The Kamaoa windmill farm was in installed at South Point of the Big Island in 1986 to produce 7.5 megawatts of electric power. By 2006 the the rusting dilapidated site was shut down. Centralized windmill farms will not be a reasonable solution for Hawaii. Distributed solar energy (for hot water and photo-voltaic electricity as well as demand destruction) is the way forward in Hawaii. I spoke to a table full of Aha Moku Council representatives from Lanai about the proposed windmills. They were all against the idea.

This idea that state officials on Oahu can dictate to the outer islands what they should do to keep Oahu happy reminds me of the attempt to jam the Superferry down our throats for the convenience of SUV's full of Mililani opihi pickers.

Obviously, Oahu is running up against the ugly reality of overpopulation and resource/infrastructure inadaquacies... so much will have to change there in the next few years. Enabling them to continue on their present course by plundering the outer islands won't be very acceptable.
 


The undersea cables are expected to cost between $1 billion and $2billion to the taxpayers of Hawai'i.

With that money, one could put solar hot water heaters on every single house on Oahu. It is estimated that a solar hot water heater saves 40% of the typical Hawai'i electric bill.

The undersea cables will deliver energy that offsets 15% of Oahu's electric load.

The numbers aren't comparable because the 15% is off the entire island electric use and the 40% savings is from residential use. But I have to think that when you adjust these numbers we'd see that using the money to directly benefit the taxpayers (instead of producing $250,000,000/year income for Rupert Murdock) would offset the same amount of electricity and put that $250,000,000/year in the pockets of our residents.

This scheme by Gov. Lingle is a rip-off of both the taxpayers who are subsidizing this private for-profit operation and the rate-payers whose rates will go up.

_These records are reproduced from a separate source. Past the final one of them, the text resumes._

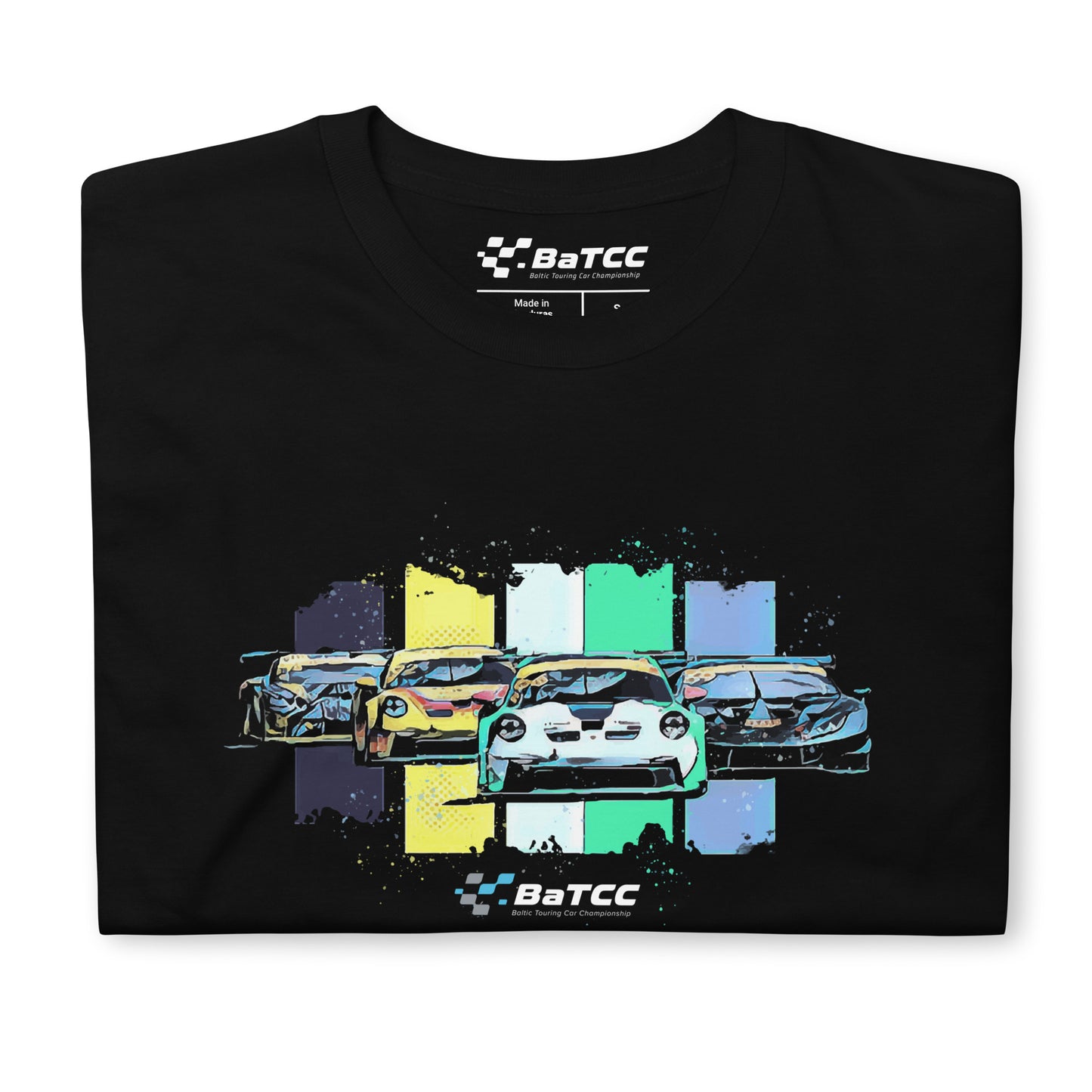 GT Racing Unisex T-Shirt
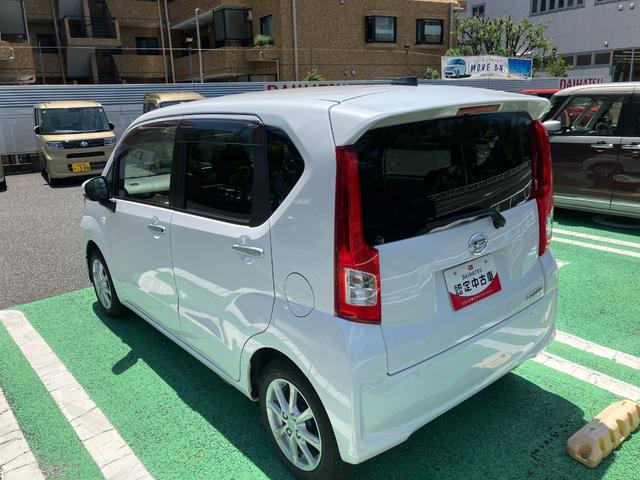 ムーヴＸリミテッドII　ＳＡIII　ナビ　バックカメラ　ドラレコ純正ナビ　ドラレコ　バックカメラ　ＥＴＣ２．０　キーフリー　運転席シートヒーター（東京都）の中古車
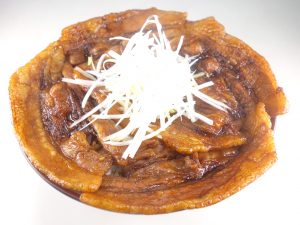 十勝鴨川豚丼(拾丁目食堂)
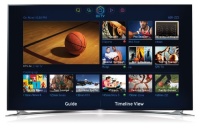 Samsung UN65F8000 65-Inch 1080p 240Hz 3D Ultra Slim Smart LED HDTV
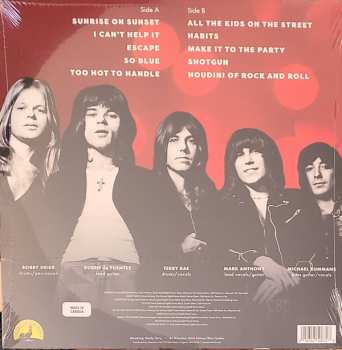 LP The Hollywood Stars: Sound City 560882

Wind energy, done right, LOWERS costs. This is wind energy done WRONG.
 


See http://friendsoflanai.org/ for Lana'i residents who oppose the wind farm. I think they go a little overboard but the crux of their case is valid. They appear to have grabbed hold of some bogus info opposing wind energy in general with which I disagree and I certainly don't agree that nuclear is anything that should be considered at all...but the rest of the info is pretty good.